INFORMATION SUPPLIED: Begin

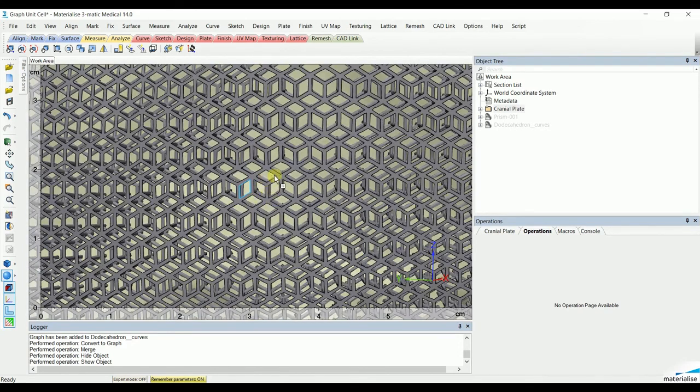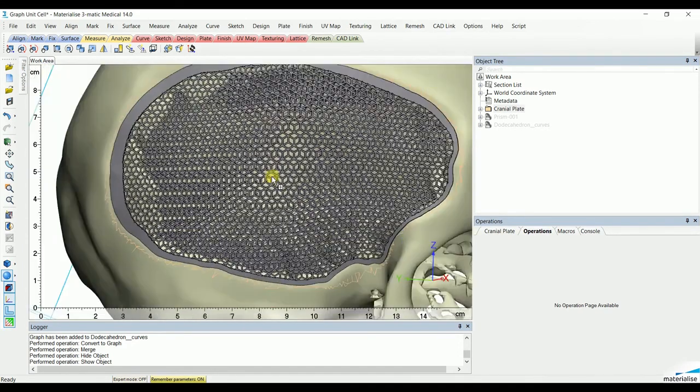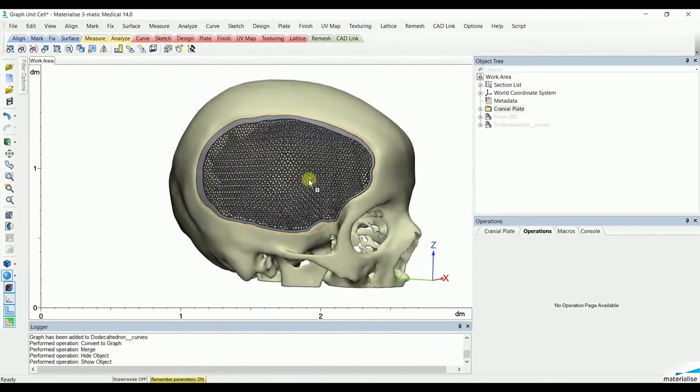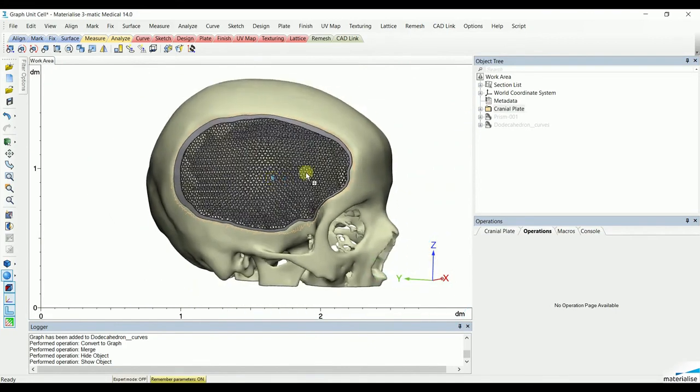Thank you for your attention, and this is the video on how to create your own graph unit cells.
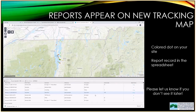All reports appear on the cyanobacteria tracking map after approval. Dots on the map are colored green for generally safe (Category 1), yellow for low alert (Category 2), and red for high alert (Category 3). You should see a colored dot and a line in the spreadsheet for every report you submit. It does take time to approve reports, so you won't see instantaneous results. If your report doesn't appear within 24 hours, please let us know — sometimes reports get stuck in limbo.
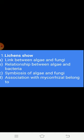Question 1: What is the relationship between algae and fungi? Option A: relationship between algae and bacteria. Option B: symbiosis. Option C: symbiosis of algae and fungi. Option D: association with mycorrhizal roots. The correct answer is C — symbiosis of algae and fungi.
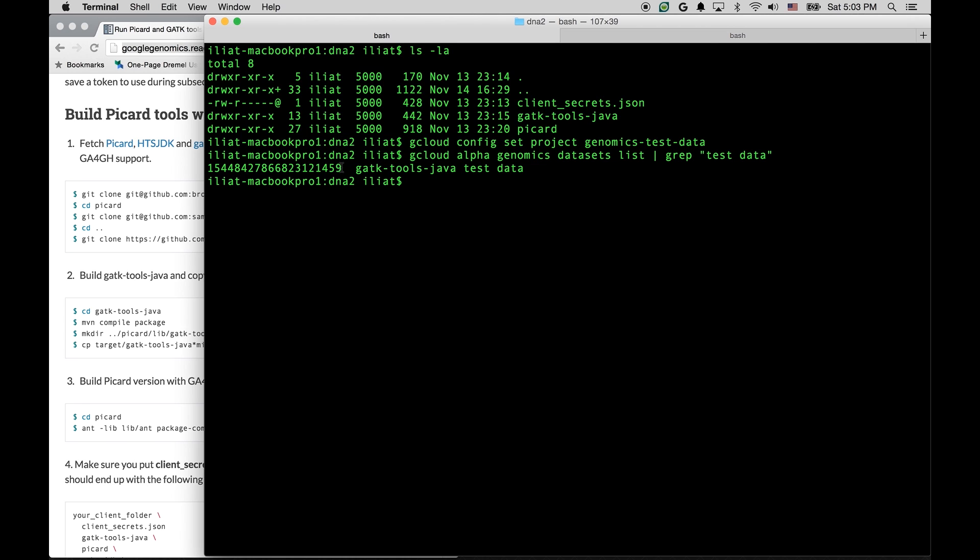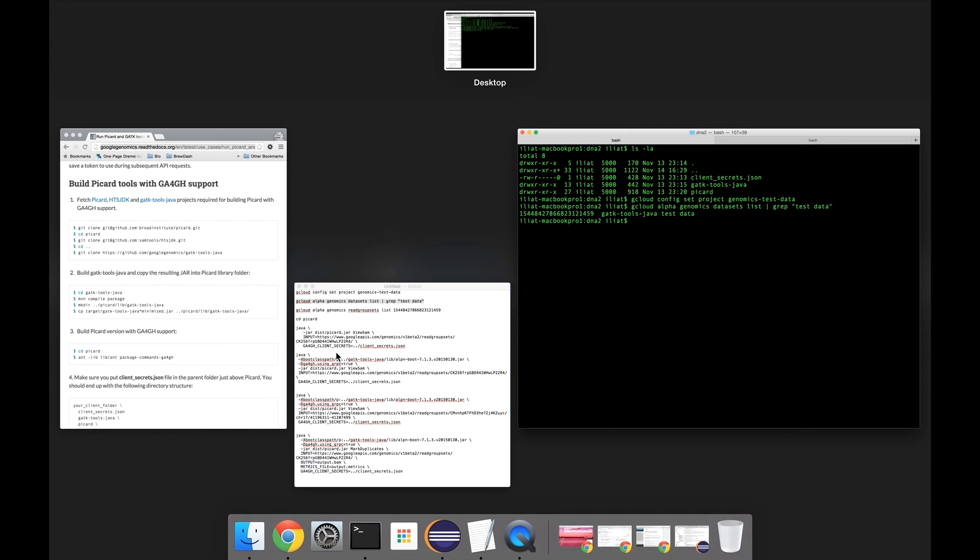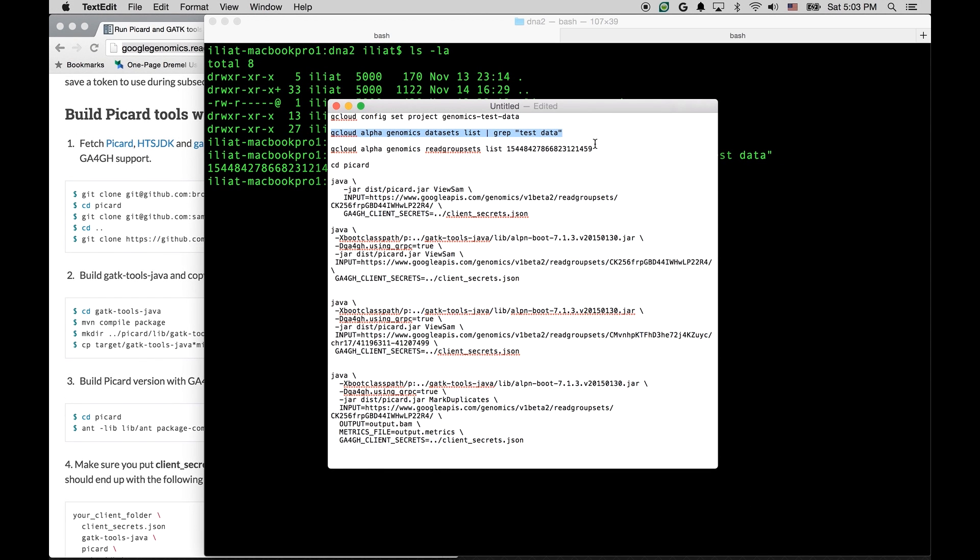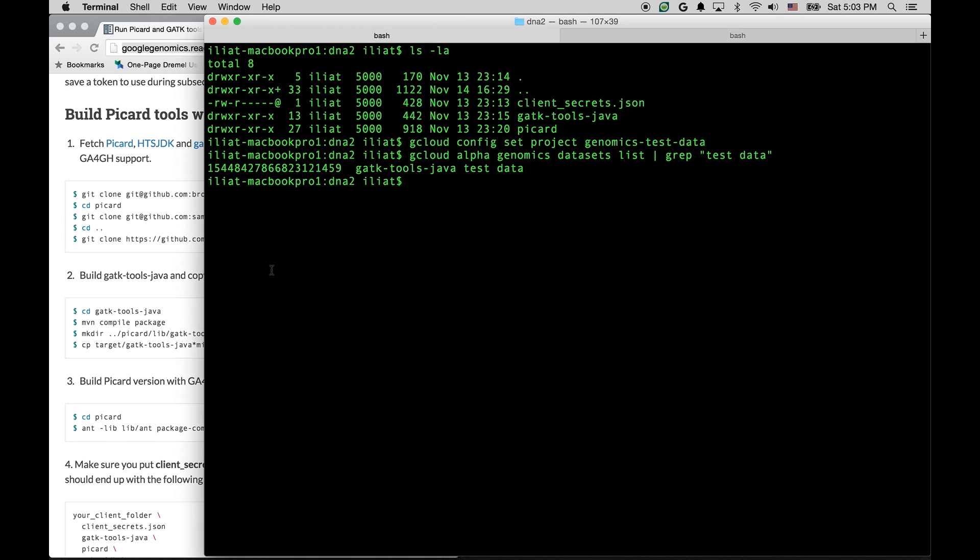Now, we're going to find the read group sets that we want to access. Read group sets can be roughly thought of as corresponding to BAM files. So again, we are running a Genomics API command, this time to list read group sets that are under the dataset that we found in the previous step.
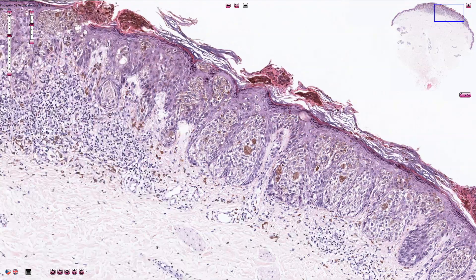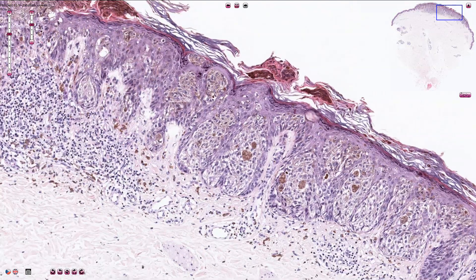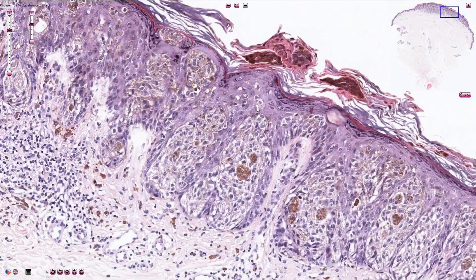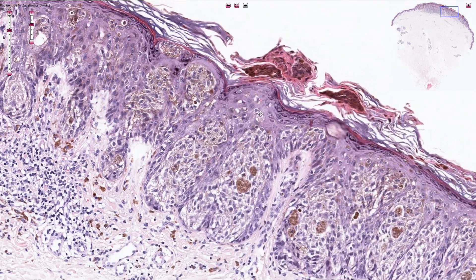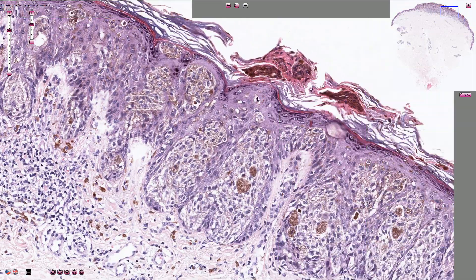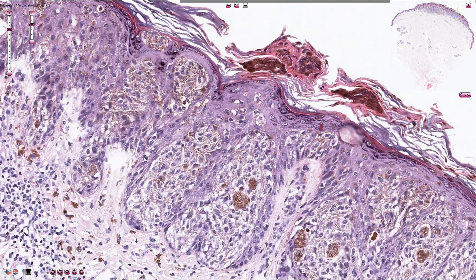Looking at these atypical melanocytes — they should be localized in the basal parts of the epidermis and not here. This is called pagetoid spreading, or pagetoid spread, of the melanocytic cells.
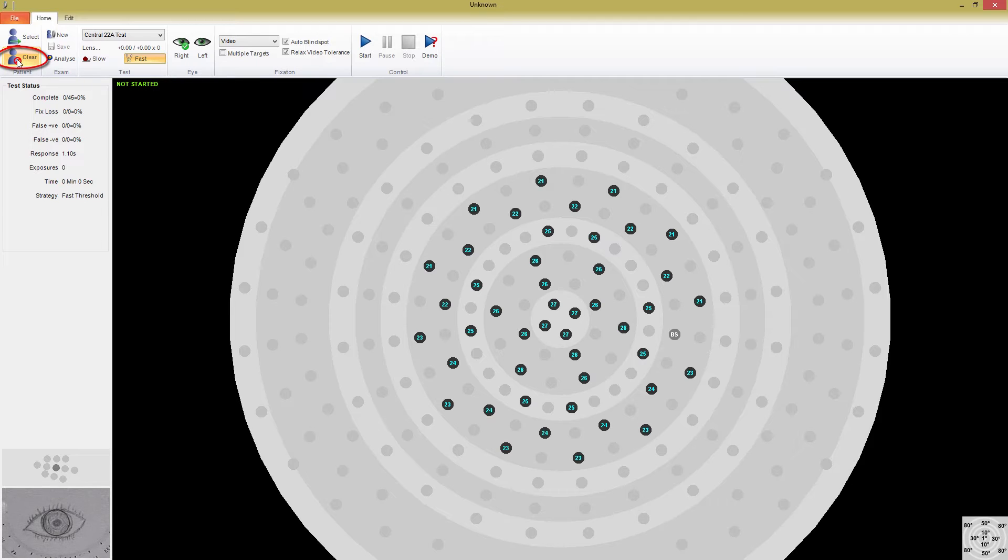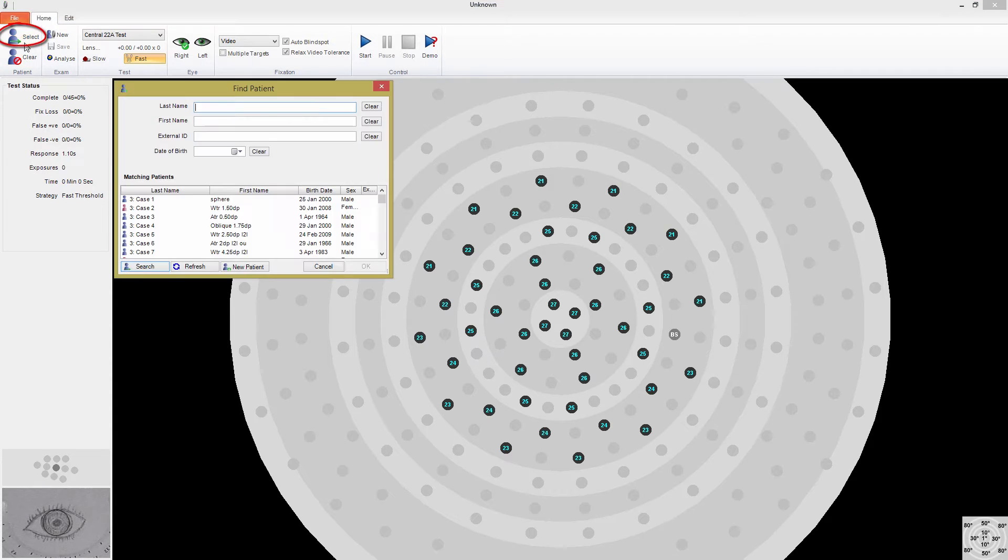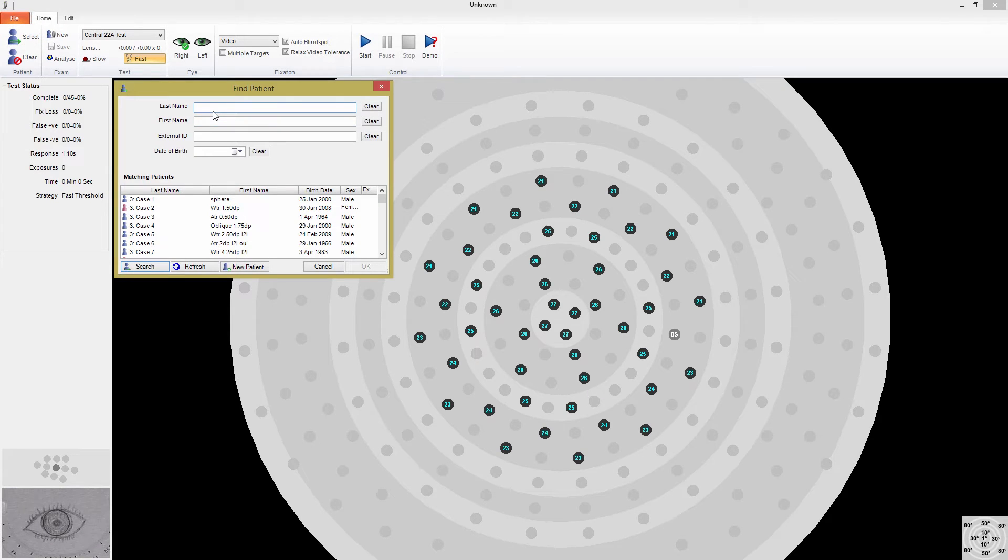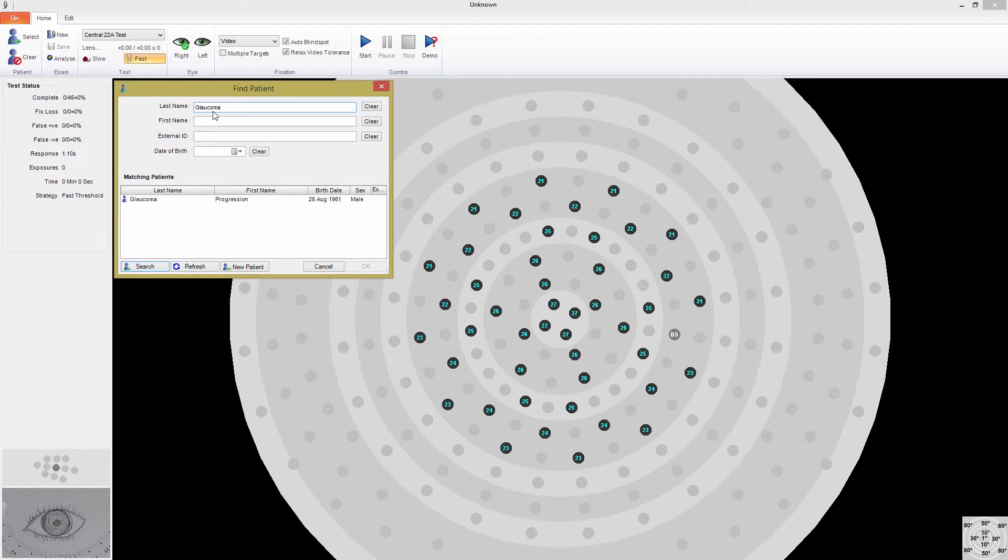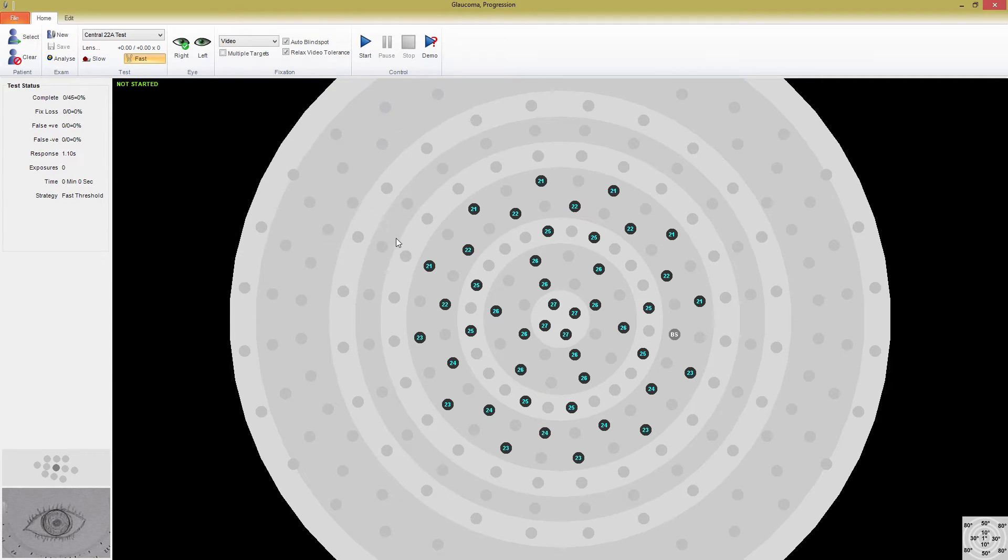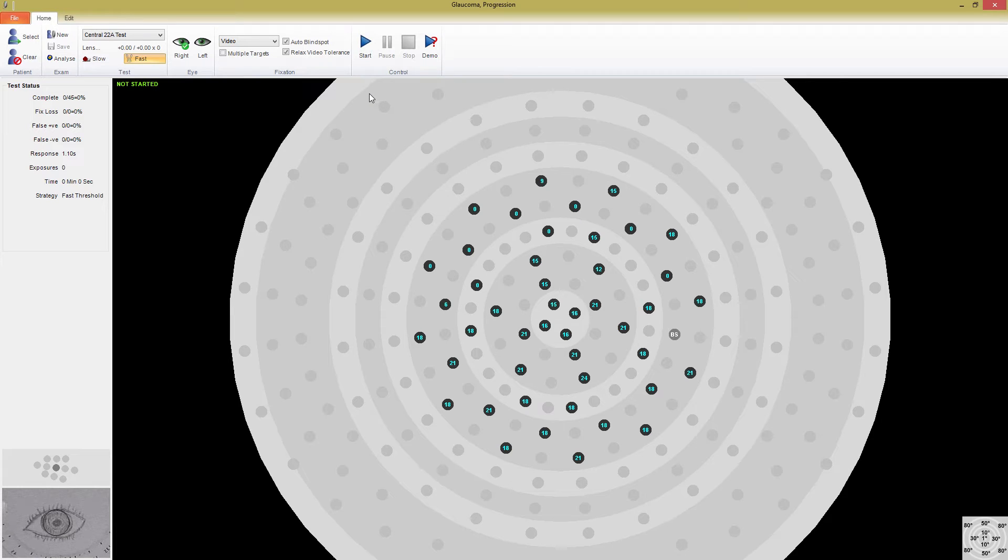You can also select a different patient by pressing Select, and either typing in a name or choosing a patient from the list. An important feature, if you're quickly screening patients and you don't necessarily need the test associated with the patient, is that you can leave the patient field blank and still run a test.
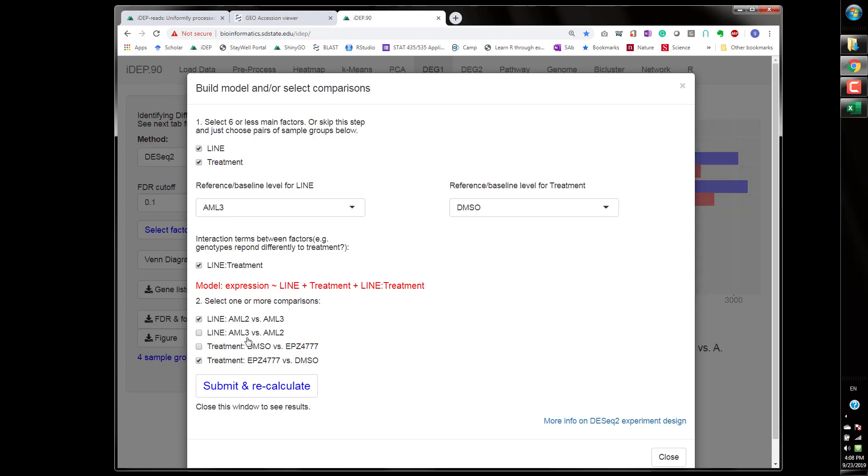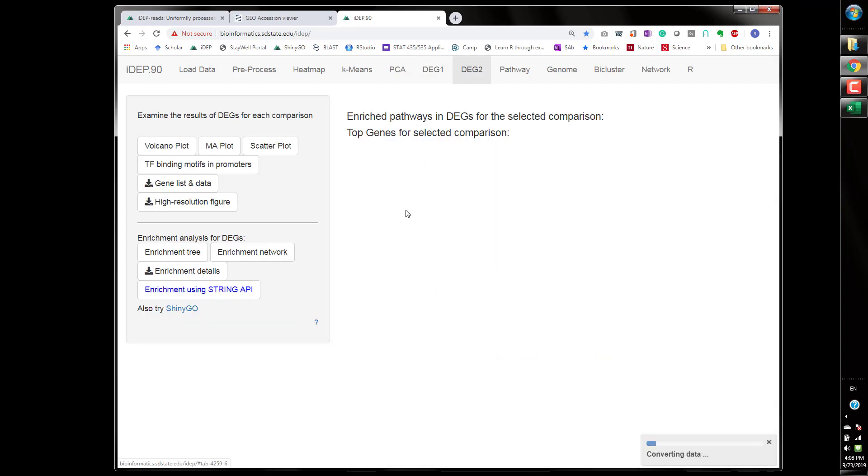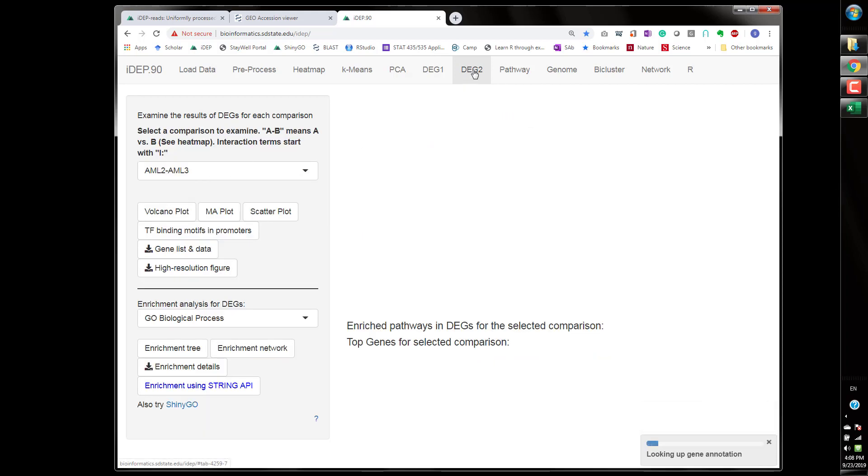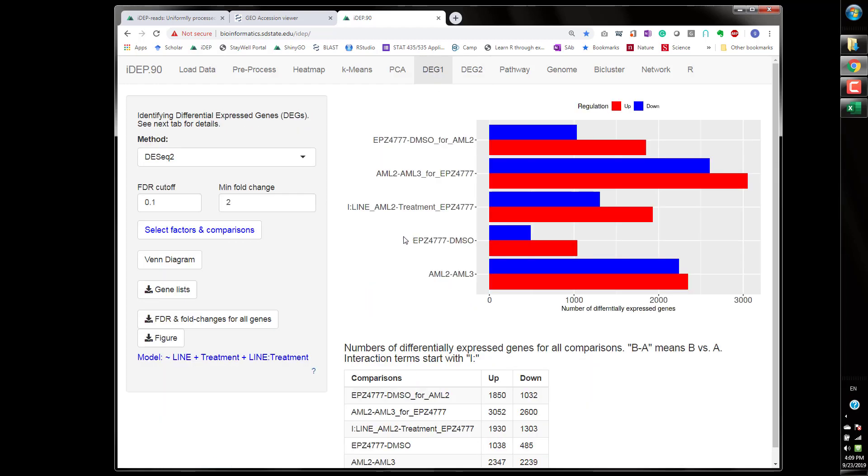So these comparisons just whatever you think makes more sense we recalculate and we have the results in here. So obviously we can investigate each one of the comparisons here in DEG tab and here the AML2 versus AML3 was difference in baseline without treatment. The difference between ML2 and ML3 the cell lines obviously there's a lot of difference between these two cell lines even in baseline, thousands of genes are expressed differently.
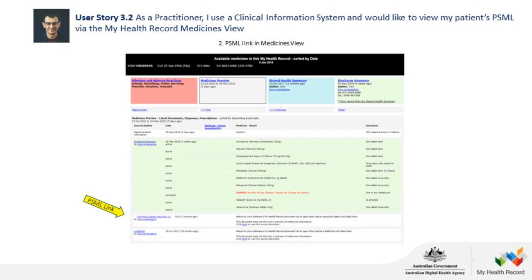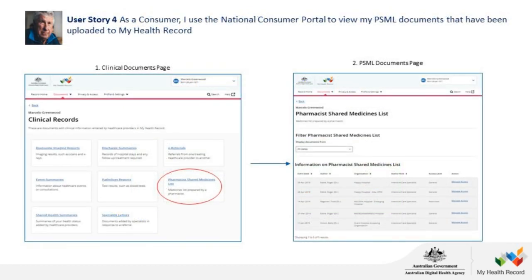In terms of further information and resources, there is a PSML webpage available for healthcare providers — a link is provided, and everyone will get a copy of the slides and a link to the recording. We've also got PSML pages for consumers, so you can direct patients to the webpage or help guide for more information. There will also be future webinars and events on PSML and medicines information in general. All education relating to the My Health Record system will be on our webinars and events page. Please also contact your software vendor for further information about which functionality is available for you.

INFORMATION SUPPLIED: End

INSTRUCTIONS TO FOLLOW.
Every line of the material must be returned verbatim, and pictures must be left behind.

RESPONSE.
Thank you for your attention, and this is the video on how to create your own graph unit cells.
All reports appear on the cyanobacteria tracking map after approval. Dots on the map are colored green for generally safe (Category 1), yellow for low alert (Category 2), and red for high alert (Category 3). You should see a colored dot and a line in the spreadsheet for every report you submit. It does take time to approve reports, so you won't see instantaneous results. If your report doesn't appear within 24 hours, please let us know — sometimes reports get stuck in limbo.
Question 1: What is the relationship between algae and fungi? Option A: relationship between algae and bacteria. Option B: symbiosis. Option C: symbiosis of algae and fungi. Option D: association with mycorrhizal roots. The correct answer is C — symbiosis of algae and fungi.
Now, we're going to find the read group sets that we want to access. Read group sets can be roughly thought of as corresponding to BAM files. So again, we are running a Genomics API command, this time to list read group sets that are under the dataset that we found in the previous step.
Looking at these atypical melanocytes — they should be localized in the basal parts of the epidermis and not here. This is called pagetoid spreading, or pagetoid spread, of the melanocytic cells.
You can also select a different patient by pressing Select, and either typing in a name or choosing a patient from the list. An important feature, if you're quickly screening patients and you don't necessarily need the test associated with the patient, is that you can leave the patient field blank and still run a test.
So these comparisons just whatever you think makes more sense we recalculate and we have the results in here. So obviously we can investigate each one of the comparisons here in DEG tab and here the AML2 versus AML3 was difference in baseline without treatment. The difference between ML2 and ML3 the cell lines obviously there's a lot of difference between these two cell lines even in baseline, thousands of genes are expressed differently.
In terms of further information and resources, there is a PSML webpage available for healthcare providers — a link is provided, and everyone will get a copy of the slides and a link to the recording. We've also got PSML pages for consumers, so you can direct patients to the webpage or help guide for more information. There will also be future webinars and events on PSML and medicines information in general. All education relating to the My Health Record system will be on our webinars and events page. Please also contact your software vendor for further information about which functionality is available for you.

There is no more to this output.